Poetry

A selection of poems chosen because they make comments
on important social issues

 

The Important Career

Today I left some dishes dirty,
The bed got made around two-thirty.
The nappies soaked a little longer,
The odour grew a little stronger.
The crumbs I spilled the day before
Were staring at me from the floor.
The dirty streaks on window panes
Will still be there next time it rains.
"For shame O lazy one," you say,
And "Just what have you done all day?"

I nursed a baby while he slept,
I held a toddler while he wept,
I played a game of hide-and-seek,
I squeezed a toy so it would squeak,
I pushed a swing, I sang a song,
I taught a child what's right and wrong.

What did I do this whole day through?
Not much that shows - I guess that's true.
Unless you think that what I've done
Might be important to someone
With bright blue eyes and soft blond hair.
If that is true, I've done my share.

Written by a young New Zealand Mum,
and one of the finest poems we've read.

 

 

Ode to a Treacherous Secretary

And so I leave this message on your screen,
The very last of many there have been
Of jocularity and mere fun,
To help the tedium of our work to run,
With comments innocent and not too deep,
To help us all our sanity to keep
When pressures all around, and from above,
Created daily grind of work we love.

I did not have you down as a traitress
Until I heard, on tape, your voice profess
That you thought Frank, with ill intent,
Was guilty of the 'sin' of harassment.
Old Frank, who wouldn't hurt a fly,
Has had to leave without a last goodbye.

You listened to the feminazi rant.
You paid your dues to feministic cant.
For thirty silver coins you sold a man
Whose twenty-seven years of service ran
Till all the managerial skills he'd mastered.
You aided and abetted that young bastard,
Moira, who was called the office flirt -
With off-the-shoulder blouse and micro-skirt -
To vent her spleen on one who wouldn't fall,
Thus making utter strangers of us all.

So now, no more to ease our several ways,
The near-knuckle card from holidays,
The 'See you soon!' instead of plain 'Goodbye!'
The arm around your shoulder when you cry.
No longer will we join in office fun;
Frigidity and fear now will run
Amongst all those of us who'd often say
A word or two of humour in the day.
The innocence of banter, idly offered,
No offence taken - never any proffered.

Tomorrow must be just another day.
No 'Hi-ya Jane!' But, 'Good morning, Miss Grey.'

(Male view magazine Jan-Mar 1994 - with permission)
The following note by the magazine editor is interesting:
'This is one of the saddest and most poignant contributions we have so far received for "Male View".
It was sent in by a reader who for many years has worked in an office environment.
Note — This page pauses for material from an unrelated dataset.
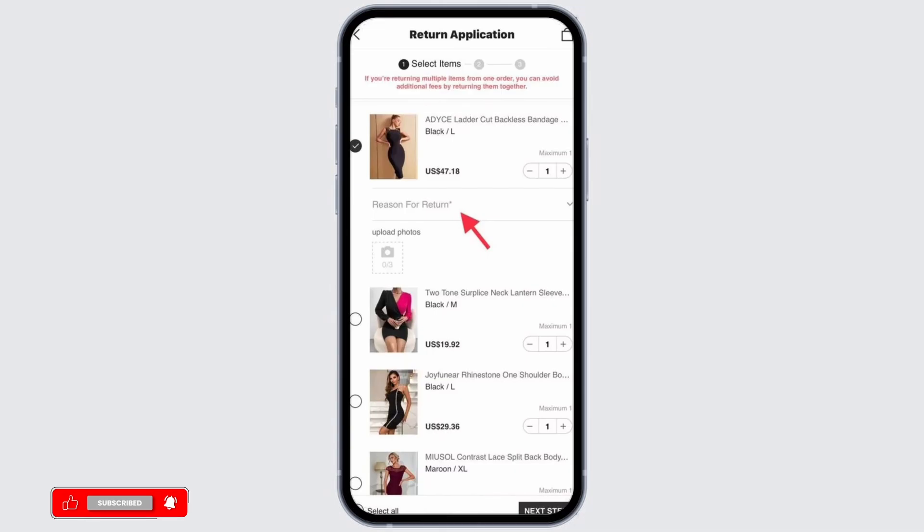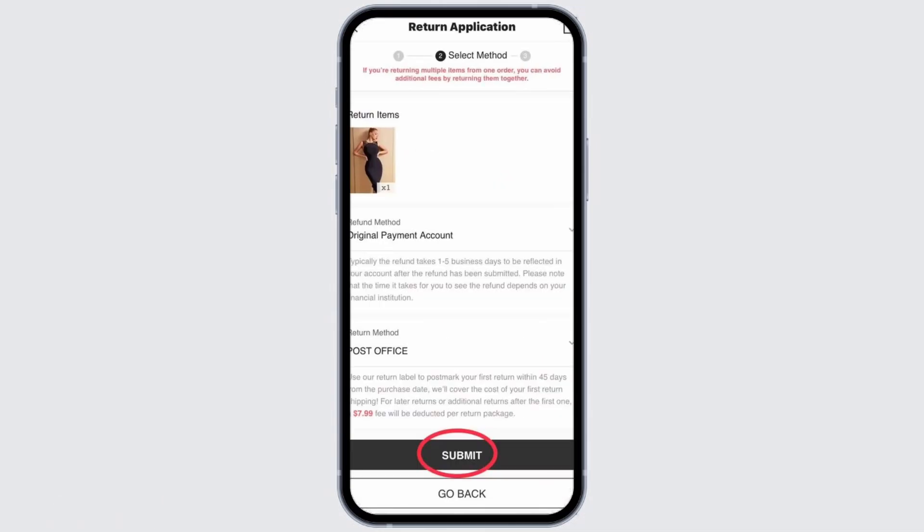In the case of clothing, you can select if the clothing is not your size or has some defect. After providing a valid reason, you can proceed with a refund.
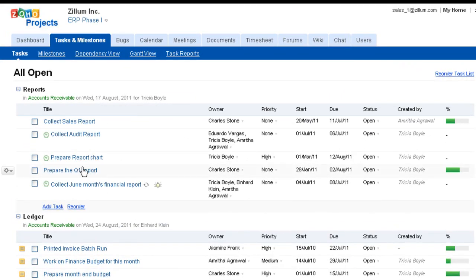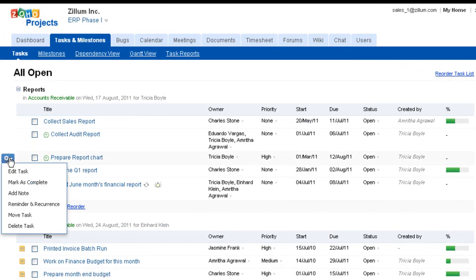You can access the Action menu available on MouseOver to the left of the task title and click the Reminder and Reoccurrings option.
The work
was sometimes hard but the camaraderie second to none; that is until so-called "sexual
harassment" reared its ugly head in the shape of a false accusation by an office worker well known for her flirtatious ways. She put pressure on the writer's secretary, Jane Grey, to back up her accusation, and the man concerned was dismissed.
The writer often worked late and frequently left messages on his computer - sometimes of a humorous nature - for Jane who would read them the following morning.
When he heard what had happened, he stayed behind after work and wrote this poem. When he came in late the following morning, he found Jane sitting in front of the computer in tears.
Realising the enormity of what she had done, and what she had destroyed, her last act in the office was to type out her resignation which her boss, very sadly, accepted."

 

A few limericks
A lady who triplets begat,
Their names being Nat, Pat and Tat,
Had fun with the breeding
But trouble with feeding
'Cause she didn't have a tit for Tat.
A surgeon named Melanie Brett
With her patient had sex for a bet.
She said, “"It occurs!"”
But all friends of hers
Said, “"But Melanie, you are a vet."”
A horrible femmy called Dworkin
Spent her life writing rubbish and talkin'.
She went down in the flames
With the rest of those dames.
Now she's given up talkin' for squawkin'.